Saved entries:

-=-=-

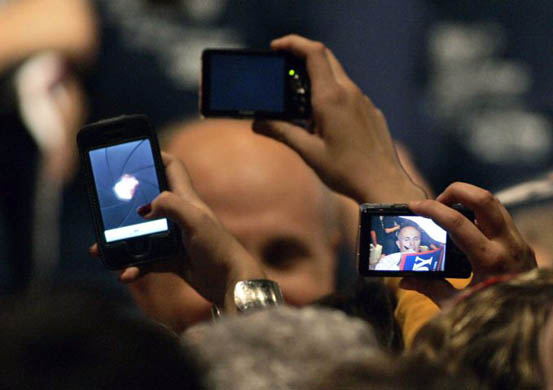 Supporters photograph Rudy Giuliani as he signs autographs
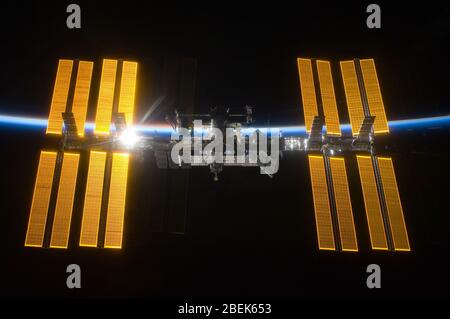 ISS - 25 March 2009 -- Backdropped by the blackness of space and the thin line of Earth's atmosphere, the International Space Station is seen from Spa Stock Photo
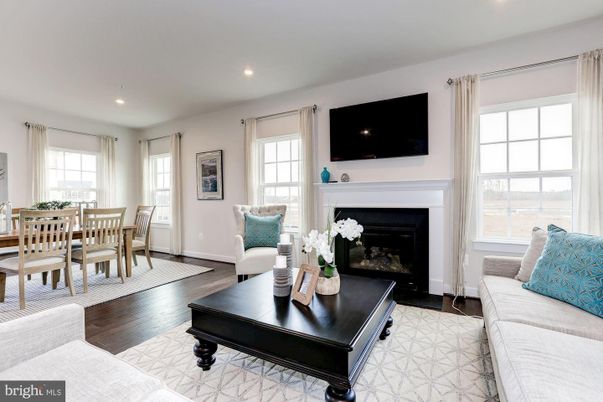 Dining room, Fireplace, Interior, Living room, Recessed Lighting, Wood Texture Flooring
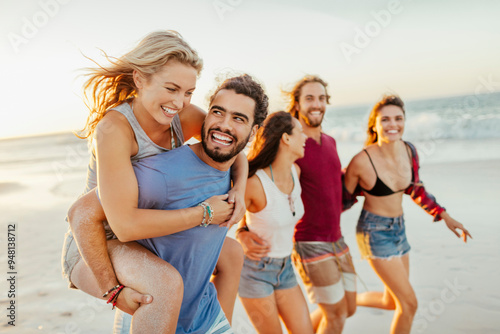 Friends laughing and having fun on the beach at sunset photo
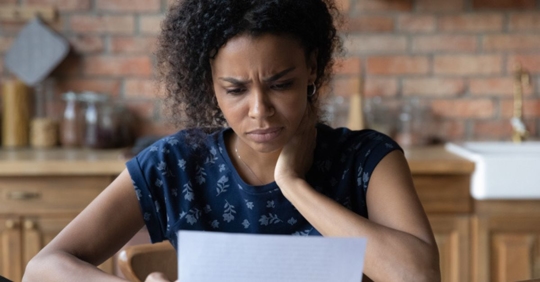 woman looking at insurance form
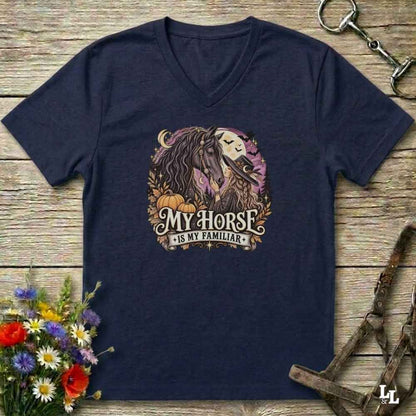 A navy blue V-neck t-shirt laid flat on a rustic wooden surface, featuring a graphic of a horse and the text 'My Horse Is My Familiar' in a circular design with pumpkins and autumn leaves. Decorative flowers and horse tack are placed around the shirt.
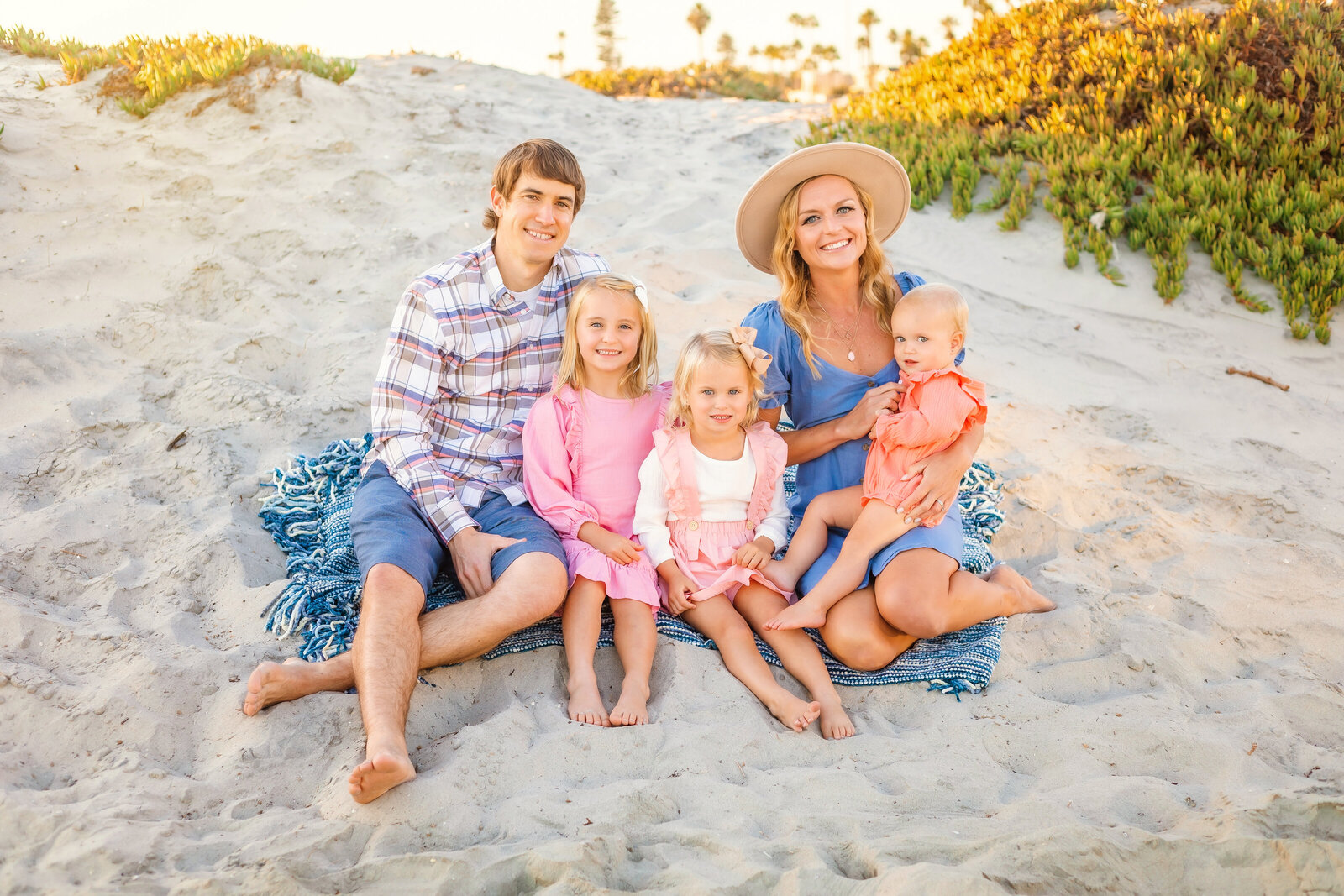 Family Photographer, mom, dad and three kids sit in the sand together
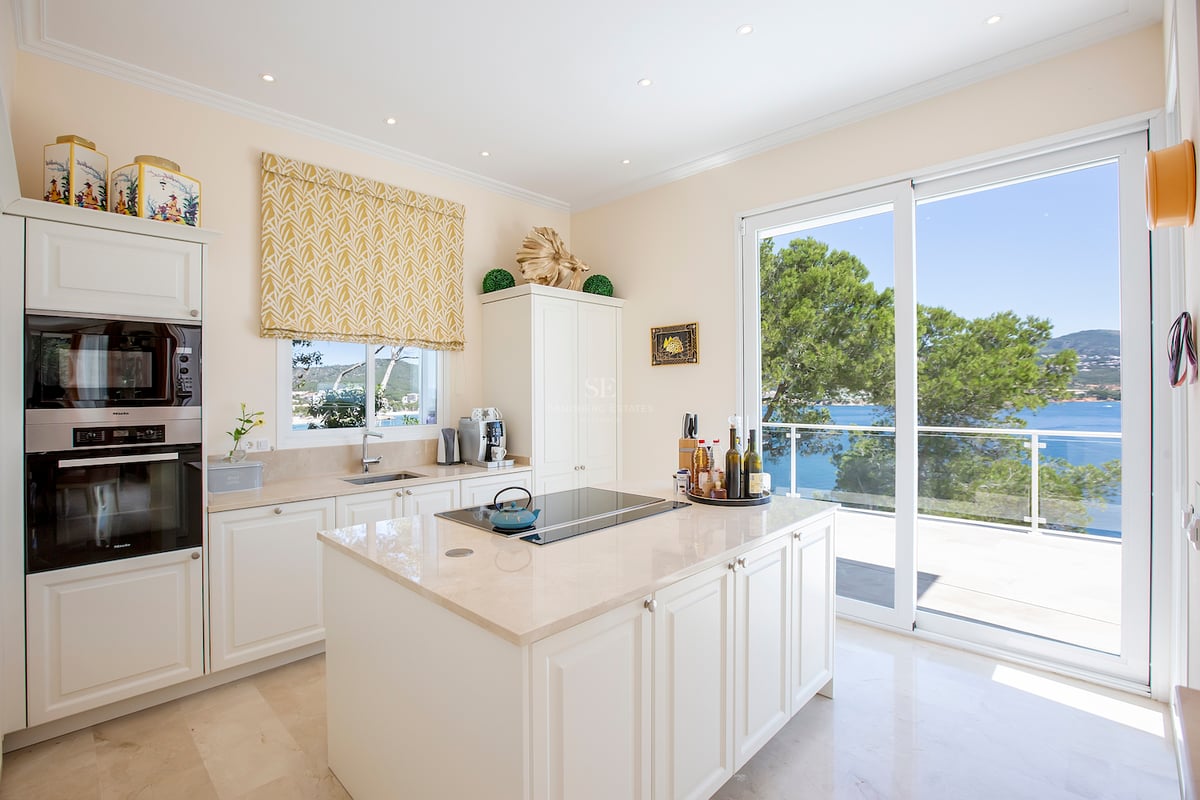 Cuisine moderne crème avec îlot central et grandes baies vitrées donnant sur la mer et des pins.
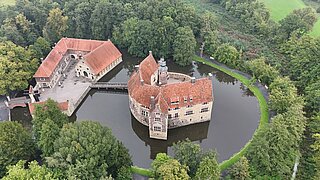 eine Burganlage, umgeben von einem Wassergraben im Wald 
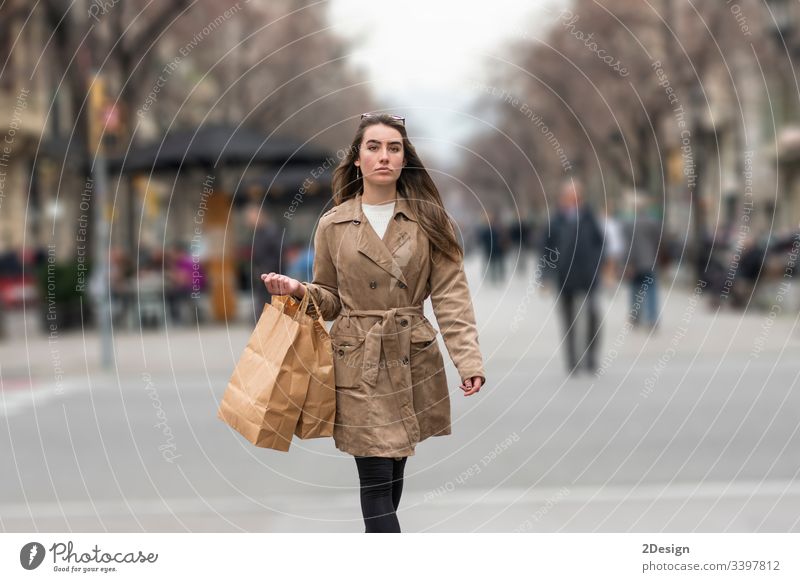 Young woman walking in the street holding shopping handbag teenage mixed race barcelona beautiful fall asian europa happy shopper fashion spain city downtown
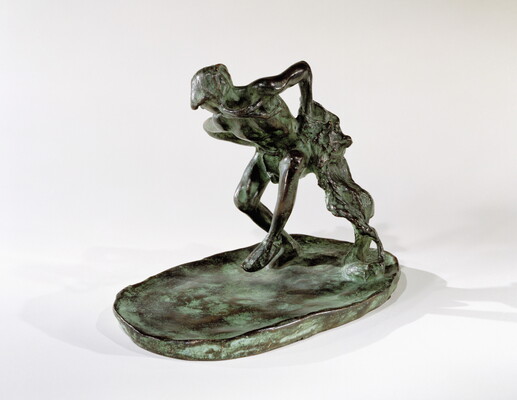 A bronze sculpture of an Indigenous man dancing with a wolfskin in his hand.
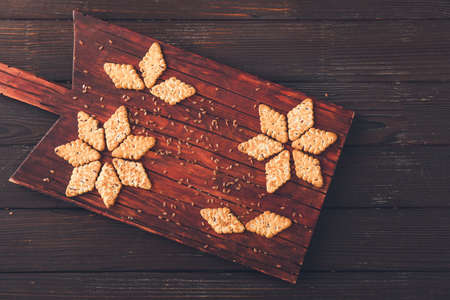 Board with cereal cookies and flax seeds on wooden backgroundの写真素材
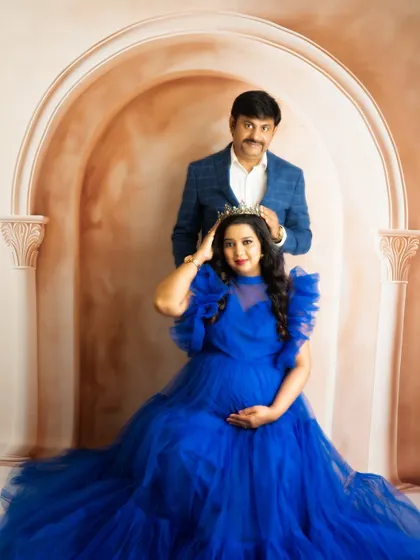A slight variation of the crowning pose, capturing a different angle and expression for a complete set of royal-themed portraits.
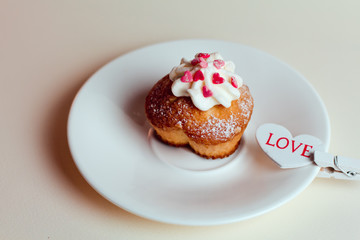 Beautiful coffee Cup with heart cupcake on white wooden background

-=-=-

◆ Your instructions ◆
For the records above, output each one exactly and skip any image.

◆ Response for this exercise ◆
 Supporters photograph Rudy Giuliani as he signs autographs
 ISS - 25 March 2009 -- Backdropped by the blackness of space and the thin line of Earth's atmosphere, the International Space Station is seen from Spa Stock Photo
 Dining room, Fireplace, Interior, Living room, Recessed Lighting, Wood Texture Flooring
 Friends laughing and having fun on the beach at sunset photo
 woman looking at insurance form
 A navy blue V-neck t-shirt laid flat on a rustic wooden surface, featuring a graphic of a horse and the text 'My Horse Is My Familiar' in a circular design with pumpkins and autumn leaves. Decorative flowers and horse tack are placed around the shirt.
 Family Photographer, mom, dad and three kids sit in the sand together
 Cuisine moderne crème avec îlot central et grandes baies vitrées donnant sur la mer et des pins.
 eine Burganlage, umgeben von einem Wassergraben im Wald 
 Young woman walking in the street holding shopping handbag teenage mixed race barcelona beautiful fall asian europa happy shopper fashion spain city downtown
 A bronze sculpture of an Indigenous man dancing with a wolfskin in his hand.
 Board with cereal cookies and flax seeds on wooden backgroundの写真素材
A slight variation of the crowning pose, capturing a different angle and expression for a complete set of royal-themed portraits.
 Beautiful coffee Cup with heart cupcake on white wooden background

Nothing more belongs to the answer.